The Triumph of Surrealism (right) was painted by Max Ernst in 1937. The painting's initial name is The Angel of Hearth and Home, but it was retitled by Ernst in 1938. The piece was created shortly after the defeat of the Spanish Republicans in the Spanish Civil War. In this conflict, Spanish fascist leaders were supported by Germany and Italy in their victory. Ernst's goal was to depict the chaos that he saw spreading over Europe and the ruin that fascism brings to countries.
Max Ernst's Pietà or Revolution by Night (left) replaces the traditional scene of Mary holding the body of Christ with an image of the artist himself being held by his father. The painting is interpreted as symbolic of the turbulent relationship between Ernst and his dad. Max replaces Mary with his father and the artist himself is in the place of Jesus in the painting. There is a figure in the back walking up some stairs with a bandage on his head, many believe this is either Sigmund Freud or the French poet Guillaume Apollinaire.
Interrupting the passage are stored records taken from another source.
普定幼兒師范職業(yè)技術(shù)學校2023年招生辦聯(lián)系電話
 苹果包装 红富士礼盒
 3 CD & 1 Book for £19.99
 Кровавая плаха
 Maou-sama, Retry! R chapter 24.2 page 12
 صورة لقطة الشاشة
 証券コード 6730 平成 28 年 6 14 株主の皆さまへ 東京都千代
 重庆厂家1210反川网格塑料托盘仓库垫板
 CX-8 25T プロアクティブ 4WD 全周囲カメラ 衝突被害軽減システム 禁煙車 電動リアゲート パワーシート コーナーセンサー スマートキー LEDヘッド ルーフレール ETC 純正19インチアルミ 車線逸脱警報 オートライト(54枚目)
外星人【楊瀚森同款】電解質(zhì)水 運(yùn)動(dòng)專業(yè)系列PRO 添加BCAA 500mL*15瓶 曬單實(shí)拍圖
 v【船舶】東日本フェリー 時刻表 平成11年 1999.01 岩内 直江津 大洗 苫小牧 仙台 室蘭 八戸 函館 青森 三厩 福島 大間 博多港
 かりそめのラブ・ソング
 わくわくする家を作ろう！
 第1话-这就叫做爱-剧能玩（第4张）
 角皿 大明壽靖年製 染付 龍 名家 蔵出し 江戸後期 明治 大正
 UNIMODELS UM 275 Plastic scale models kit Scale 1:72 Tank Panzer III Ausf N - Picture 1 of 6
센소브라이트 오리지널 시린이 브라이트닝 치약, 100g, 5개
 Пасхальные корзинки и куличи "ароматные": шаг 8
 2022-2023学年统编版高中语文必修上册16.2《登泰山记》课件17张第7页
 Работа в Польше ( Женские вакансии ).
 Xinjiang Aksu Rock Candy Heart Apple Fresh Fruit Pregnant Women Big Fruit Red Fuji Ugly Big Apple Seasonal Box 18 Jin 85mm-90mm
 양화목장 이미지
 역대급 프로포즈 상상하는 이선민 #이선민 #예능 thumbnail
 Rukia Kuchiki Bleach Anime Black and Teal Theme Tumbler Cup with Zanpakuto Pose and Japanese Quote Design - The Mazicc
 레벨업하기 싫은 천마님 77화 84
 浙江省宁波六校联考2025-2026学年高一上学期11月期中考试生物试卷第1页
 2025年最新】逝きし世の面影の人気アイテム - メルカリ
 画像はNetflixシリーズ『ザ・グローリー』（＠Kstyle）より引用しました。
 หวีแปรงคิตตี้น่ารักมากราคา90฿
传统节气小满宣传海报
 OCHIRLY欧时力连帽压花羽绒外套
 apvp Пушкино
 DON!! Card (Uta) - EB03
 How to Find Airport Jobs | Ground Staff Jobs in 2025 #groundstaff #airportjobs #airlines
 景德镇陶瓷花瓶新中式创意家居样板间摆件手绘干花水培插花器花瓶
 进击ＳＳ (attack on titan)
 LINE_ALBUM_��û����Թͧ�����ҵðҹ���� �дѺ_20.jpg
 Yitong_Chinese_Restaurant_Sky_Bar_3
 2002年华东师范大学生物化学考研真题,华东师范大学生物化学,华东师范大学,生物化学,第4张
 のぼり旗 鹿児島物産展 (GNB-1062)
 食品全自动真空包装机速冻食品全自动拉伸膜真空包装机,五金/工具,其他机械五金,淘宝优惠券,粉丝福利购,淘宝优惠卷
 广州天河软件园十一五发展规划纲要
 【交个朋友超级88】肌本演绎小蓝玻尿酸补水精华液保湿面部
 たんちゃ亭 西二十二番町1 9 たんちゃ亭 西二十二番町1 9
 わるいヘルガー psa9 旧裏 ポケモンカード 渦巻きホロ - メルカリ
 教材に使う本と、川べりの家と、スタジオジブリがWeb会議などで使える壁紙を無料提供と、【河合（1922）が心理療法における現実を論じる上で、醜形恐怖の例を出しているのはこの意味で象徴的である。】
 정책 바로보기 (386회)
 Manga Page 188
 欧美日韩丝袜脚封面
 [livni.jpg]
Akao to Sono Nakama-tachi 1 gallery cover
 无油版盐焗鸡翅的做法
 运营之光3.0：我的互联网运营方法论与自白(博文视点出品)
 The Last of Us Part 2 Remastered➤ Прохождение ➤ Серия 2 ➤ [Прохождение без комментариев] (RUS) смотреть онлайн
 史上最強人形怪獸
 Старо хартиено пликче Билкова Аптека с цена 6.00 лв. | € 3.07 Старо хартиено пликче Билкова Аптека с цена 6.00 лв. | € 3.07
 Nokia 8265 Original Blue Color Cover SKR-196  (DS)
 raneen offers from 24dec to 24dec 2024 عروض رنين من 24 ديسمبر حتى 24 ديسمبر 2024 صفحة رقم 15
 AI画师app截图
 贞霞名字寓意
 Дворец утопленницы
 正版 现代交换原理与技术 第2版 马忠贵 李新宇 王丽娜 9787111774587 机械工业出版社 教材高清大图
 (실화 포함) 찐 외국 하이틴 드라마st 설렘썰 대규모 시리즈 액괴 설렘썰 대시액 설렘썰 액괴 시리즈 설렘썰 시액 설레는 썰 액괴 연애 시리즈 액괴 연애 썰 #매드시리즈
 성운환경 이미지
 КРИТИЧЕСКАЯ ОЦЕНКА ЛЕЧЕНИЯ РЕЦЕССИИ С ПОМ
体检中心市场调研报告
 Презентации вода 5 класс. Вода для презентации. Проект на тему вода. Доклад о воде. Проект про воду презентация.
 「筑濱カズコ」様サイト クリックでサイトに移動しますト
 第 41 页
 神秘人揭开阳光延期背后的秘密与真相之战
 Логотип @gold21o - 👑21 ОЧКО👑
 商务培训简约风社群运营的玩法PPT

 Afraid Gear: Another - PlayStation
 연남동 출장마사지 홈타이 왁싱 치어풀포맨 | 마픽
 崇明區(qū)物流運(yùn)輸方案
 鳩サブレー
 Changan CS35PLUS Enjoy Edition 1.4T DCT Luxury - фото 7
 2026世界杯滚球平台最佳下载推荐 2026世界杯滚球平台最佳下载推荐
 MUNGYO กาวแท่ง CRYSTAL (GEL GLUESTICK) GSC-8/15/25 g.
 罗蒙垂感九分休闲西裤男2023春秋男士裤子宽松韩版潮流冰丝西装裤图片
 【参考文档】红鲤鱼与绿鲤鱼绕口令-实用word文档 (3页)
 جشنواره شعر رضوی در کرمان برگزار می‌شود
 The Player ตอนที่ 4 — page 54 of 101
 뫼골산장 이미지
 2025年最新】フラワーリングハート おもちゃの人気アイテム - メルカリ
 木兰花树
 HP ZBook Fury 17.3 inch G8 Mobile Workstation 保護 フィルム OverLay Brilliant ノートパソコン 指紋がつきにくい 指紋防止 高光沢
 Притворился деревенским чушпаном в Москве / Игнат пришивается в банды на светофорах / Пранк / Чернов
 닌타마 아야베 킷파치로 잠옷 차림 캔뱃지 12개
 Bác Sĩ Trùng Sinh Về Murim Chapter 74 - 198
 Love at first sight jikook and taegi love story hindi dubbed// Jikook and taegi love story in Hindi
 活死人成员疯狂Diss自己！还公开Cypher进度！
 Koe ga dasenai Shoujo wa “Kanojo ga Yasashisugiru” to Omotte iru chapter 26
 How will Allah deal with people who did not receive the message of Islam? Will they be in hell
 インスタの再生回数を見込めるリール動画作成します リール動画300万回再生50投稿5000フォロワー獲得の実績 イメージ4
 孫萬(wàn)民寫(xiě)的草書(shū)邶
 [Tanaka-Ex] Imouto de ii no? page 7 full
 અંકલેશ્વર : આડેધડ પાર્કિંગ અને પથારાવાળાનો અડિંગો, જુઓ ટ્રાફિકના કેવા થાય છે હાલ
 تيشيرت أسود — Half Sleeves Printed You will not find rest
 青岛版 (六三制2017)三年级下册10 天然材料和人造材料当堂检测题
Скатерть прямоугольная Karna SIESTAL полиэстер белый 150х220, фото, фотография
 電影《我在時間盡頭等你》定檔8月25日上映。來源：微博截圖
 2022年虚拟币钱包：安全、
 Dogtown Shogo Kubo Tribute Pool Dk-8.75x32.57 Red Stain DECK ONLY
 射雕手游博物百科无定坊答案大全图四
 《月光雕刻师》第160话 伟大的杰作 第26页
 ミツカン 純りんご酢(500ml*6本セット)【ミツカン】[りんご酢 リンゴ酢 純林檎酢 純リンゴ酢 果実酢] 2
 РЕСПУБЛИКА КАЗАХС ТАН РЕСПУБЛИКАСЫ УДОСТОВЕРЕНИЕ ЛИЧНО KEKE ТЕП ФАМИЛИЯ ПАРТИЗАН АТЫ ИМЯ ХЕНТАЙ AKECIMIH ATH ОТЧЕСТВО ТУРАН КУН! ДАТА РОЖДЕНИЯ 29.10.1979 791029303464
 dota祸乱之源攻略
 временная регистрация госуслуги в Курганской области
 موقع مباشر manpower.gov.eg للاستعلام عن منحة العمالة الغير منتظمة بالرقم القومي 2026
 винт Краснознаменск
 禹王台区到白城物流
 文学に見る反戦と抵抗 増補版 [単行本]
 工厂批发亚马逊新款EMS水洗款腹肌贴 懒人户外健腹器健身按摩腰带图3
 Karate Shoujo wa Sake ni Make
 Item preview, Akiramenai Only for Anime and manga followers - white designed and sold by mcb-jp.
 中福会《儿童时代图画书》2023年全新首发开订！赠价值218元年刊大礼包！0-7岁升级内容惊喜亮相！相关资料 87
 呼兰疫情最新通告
The Temptation of Saint Anthony (left) was painted in 1946 when the David L. Loew-Albert Lewin film production company held a contest for a painting on the theme of Saint Anthony's Temptation. The winner would be used in the film "The Private Affairs of Bel Ami". Tons of artists produced paintings on this subject, but the contest was won by Max Ernst, whose work was shown in the film. Salvador Dali, also featured in our gallery, submitted his own piece for this contest as well.
The Elephant Celebes (right) was painted in Cologne in 1921 and was Max Ernst's first large picture. In this painting Ernst has used his earlier university studies in psychology and philosophy, in which he became familiar with the writings of Friedrich Nietzsche and Sigmund Freud. This provided the basis for an artistic exploration of the subconscious. This painting grew directly out of Ernst's use of collage from 1919 onwards to produce bizarre combinations of images, though no preliminary collages or sketches were made for it. The idea of the painting appeared spontaneously on the canvas with few alterations as it progressed.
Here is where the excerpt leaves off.